++++ INPUT RECORDS ++++
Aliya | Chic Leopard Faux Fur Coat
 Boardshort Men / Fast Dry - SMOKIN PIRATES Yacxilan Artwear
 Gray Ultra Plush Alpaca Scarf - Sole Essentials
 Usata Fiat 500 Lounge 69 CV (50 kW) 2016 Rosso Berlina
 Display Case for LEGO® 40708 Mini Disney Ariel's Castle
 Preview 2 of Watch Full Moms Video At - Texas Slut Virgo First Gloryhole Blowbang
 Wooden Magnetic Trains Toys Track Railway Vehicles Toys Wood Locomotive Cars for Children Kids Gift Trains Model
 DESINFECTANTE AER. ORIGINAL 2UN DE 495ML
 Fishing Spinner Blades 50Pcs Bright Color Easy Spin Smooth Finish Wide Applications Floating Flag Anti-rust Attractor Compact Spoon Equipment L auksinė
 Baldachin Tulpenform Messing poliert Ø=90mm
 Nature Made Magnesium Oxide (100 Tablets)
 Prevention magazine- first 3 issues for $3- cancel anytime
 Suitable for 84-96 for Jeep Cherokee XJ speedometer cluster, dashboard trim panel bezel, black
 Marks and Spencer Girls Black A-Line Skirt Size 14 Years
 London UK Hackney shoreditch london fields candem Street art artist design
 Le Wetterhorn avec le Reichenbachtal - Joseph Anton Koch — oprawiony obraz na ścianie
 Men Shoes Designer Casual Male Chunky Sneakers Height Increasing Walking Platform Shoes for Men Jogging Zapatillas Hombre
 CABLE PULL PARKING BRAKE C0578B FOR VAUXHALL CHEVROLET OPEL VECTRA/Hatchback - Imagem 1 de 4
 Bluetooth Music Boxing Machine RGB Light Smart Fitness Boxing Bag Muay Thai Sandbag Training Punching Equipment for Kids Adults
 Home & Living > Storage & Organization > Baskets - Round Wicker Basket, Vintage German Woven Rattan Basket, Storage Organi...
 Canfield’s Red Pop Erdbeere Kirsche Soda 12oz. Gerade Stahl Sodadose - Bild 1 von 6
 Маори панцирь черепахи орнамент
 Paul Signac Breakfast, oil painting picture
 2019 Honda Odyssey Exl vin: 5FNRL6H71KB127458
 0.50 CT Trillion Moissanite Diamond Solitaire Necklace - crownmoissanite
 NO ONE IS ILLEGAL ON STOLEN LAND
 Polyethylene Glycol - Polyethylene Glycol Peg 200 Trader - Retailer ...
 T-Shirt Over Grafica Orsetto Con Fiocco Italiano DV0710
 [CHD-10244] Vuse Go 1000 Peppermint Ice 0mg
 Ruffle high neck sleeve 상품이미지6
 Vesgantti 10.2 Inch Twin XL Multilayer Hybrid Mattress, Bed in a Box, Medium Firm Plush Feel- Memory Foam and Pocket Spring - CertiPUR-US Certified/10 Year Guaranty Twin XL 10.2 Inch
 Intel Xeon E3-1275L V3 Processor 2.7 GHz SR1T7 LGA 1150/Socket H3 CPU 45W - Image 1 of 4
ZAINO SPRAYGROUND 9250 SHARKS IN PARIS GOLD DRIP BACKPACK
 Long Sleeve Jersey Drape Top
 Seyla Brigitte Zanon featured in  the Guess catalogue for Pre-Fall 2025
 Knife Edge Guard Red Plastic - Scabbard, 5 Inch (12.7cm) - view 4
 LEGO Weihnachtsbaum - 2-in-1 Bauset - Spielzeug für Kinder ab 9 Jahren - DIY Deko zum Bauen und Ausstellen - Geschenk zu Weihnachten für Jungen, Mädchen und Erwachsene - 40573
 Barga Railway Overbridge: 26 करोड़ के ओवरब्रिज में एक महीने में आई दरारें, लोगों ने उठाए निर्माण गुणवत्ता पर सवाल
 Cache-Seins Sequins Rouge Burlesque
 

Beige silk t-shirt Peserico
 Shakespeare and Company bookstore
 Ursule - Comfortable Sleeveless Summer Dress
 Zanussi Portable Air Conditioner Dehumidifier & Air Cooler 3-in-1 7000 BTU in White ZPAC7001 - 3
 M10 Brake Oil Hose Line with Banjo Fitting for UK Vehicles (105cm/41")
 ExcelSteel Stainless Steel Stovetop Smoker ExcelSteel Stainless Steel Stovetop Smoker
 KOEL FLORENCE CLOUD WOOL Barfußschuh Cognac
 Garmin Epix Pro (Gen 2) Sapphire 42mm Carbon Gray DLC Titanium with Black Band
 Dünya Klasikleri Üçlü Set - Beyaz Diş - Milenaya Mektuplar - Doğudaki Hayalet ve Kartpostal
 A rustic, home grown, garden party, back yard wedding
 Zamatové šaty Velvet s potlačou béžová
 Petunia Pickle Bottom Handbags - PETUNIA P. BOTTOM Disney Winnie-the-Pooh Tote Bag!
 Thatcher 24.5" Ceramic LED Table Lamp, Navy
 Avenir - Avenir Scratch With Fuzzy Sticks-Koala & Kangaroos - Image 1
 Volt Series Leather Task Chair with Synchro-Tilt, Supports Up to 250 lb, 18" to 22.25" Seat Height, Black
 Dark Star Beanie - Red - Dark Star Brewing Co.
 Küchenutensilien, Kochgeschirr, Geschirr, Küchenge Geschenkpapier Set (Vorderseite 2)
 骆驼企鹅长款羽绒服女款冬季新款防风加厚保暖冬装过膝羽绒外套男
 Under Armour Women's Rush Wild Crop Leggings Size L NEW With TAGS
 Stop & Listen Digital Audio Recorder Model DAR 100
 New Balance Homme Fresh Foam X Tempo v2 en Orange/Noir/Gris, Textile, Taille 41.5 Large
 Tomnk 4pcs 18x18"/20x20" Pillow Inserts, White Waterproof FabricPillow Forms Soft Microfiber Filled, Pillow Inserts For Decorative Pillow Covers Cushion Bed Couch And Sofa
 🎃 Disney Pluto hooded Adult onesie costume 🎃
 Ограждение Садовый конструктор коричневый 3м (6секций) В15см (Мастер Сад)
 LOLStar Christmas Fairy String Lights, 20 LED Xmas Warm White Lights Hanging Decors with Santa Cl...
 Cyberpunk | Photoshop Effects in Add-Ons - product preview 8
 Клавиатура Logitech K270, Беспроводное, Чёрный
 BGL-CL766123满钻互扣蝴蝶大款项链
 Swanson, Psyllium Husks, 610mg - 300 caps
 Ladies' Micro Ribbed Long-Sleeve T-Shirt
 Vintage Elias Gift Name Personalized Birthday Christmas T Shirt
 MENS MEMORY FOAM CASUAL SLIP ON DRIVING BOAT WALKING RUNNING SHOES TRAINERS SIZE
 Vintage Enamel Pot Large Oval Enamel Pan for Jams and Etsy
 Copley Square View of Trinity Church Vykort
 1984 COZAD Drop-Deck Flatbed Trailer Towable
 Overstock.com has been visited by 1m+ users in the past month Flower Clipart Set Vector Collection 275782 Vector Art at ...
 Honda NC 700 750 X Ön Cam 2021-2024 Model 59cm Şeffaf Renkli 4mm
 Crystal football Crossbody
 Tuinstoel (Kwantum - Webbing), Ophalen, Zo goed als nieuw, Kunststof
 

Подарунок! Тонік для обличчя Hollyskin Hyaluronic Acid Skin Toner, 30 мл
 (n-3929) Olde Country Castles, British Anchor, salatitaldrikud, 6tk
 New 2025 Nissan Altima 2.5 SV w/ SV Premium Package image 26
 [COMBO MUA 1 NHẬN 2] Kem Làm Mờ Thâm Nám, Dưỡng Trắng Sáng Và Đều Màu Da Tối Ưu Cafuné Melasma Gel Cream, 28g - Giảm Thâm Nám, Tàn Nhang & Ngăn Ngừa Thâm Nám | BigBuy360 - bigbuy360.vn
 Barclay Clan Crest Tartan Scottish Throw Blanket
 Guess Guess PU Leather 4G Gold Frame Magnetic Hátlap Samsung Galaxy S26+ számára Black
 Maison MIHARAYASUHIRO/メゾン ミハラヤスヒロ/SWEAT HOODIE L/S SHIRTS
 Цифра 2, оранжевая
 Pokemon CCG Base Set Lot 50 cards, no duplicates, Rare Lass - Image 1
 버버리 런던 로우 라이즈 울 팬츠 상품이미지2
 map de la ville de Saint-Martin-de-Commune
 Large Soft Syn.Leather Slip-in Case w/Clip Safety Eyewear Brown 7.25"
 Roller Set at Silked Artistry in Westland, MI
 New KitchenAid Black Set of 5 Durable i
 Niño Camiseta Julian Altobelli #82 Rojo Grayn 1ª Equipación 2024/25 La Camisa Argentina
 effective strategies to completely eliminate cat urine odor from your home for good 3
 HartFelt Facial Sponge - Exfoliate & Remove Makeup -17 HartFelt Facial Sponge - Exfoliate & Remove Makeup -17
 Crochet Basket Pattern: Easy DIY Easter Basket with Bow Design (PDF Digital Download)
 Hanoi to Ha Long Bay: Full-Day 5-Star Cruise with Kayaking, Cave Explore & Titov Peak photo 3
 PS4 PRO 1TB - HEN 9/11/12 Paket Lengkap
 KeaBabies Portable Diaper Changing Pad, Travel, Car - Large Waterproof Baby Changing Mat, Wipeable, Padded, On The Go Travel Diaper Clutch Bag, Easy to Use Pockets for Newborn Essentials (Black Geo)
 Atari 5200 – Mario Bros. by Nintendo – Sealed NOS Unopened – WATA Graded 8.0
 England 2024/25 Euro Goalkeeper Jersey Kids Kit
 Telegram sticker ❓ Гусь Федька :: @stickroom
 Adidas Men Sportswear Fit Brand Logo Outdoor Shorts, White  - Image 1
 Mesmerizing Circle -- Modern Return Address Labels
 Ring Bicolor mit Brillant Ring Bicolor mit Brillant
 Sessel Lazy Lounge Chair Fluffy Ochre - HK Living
++++
TASK INSTRUCTIONS
Give back exactly the lines of the listing above that run from the line with "Zamatové šaty Velvet s potlačou béžová" to the line with "Copley Square View of Trinity Church Vykort", inclusive.

YOUR RESPONSE
 Zamatové šaty Velvet s potlačou béžová
 Petunia Pickle Bottom Handbags - PETUNIA P. BOTTOM Disney Winnie-the-Pooh Tote Bag!
 Thatcher 24.5" Ceramic LED Table Lamp, Navy
 Avenir - Avenir Scratch With Fuzzy Sticks-Koala & Kangaroos - Image 1
 Volt Series Leather Task Chair with Synchro-Tilt, Supports Up to 250 lb, 18" to 22.25" Seat Height, Black
 Dark Star Beanie - Red - Dark Star Brewing Co.
 Küchenutensilien, Kochgeschirr, Geschirr, Küchenge Geschenkpapier Set (Vorderseite 2)
 骆驼企鹅长款羽绒服女款冬季新款防风加厚保暖冬装过膝羽绒外套男
 Under Armour Women's Rush Wild Crop Leggings Size L NEW With TAGS
 Stop & Listen Digital Audio Recorder Model DAR 100
 New Balance Homme Fresh Foam X Tempo v2 en Orange/Noir/Gris, Textile, Taille 41.5 Large
 Tomnk 4pcs 18x18"/20x20" Pillow Inserts, White Waterproof FabricPillow Forms Soft Microfiber Filled, Pillow Inserts For Decorative Pillow Covers Cushion Bed Couch And Sofa
 🎃 Disney Pluto hooded Adult onesie costume 🎃
 Ограждение Садовый конструктор коричневый 3м (6секций) В15см (Мастер Сад)
 LOLStar Christmas Fairy String Lights, 20 LED Xmas Warm White Lights Hanging Decors with Santa Cl...
 Cyberpunk | Photoshop Effects in Add-Ons - product preview 8
 Клавиатура Logitech K270, Беспроводное, Чёрный
 BGL-CL766123满钻互扣蝴蝶大款项链
 Swanson, Psyllium Husks, 610mg - 300 caps
 Ladies' Micro Ribbed Long-Sleeve T-Shirt
 Vintage Elias Gift Name Personalized Birthday Christmas T Shirt
 MENS MEMORY FOAM CASUAL SLIP ON DRIVING BOAT WALKING RUNNING SHOES TRAINERS SIZE
 Vintage Enamel Pot Large Oval Enamel Pan for Jams and Etsy
 Copley Square View of Trinity Church Vykort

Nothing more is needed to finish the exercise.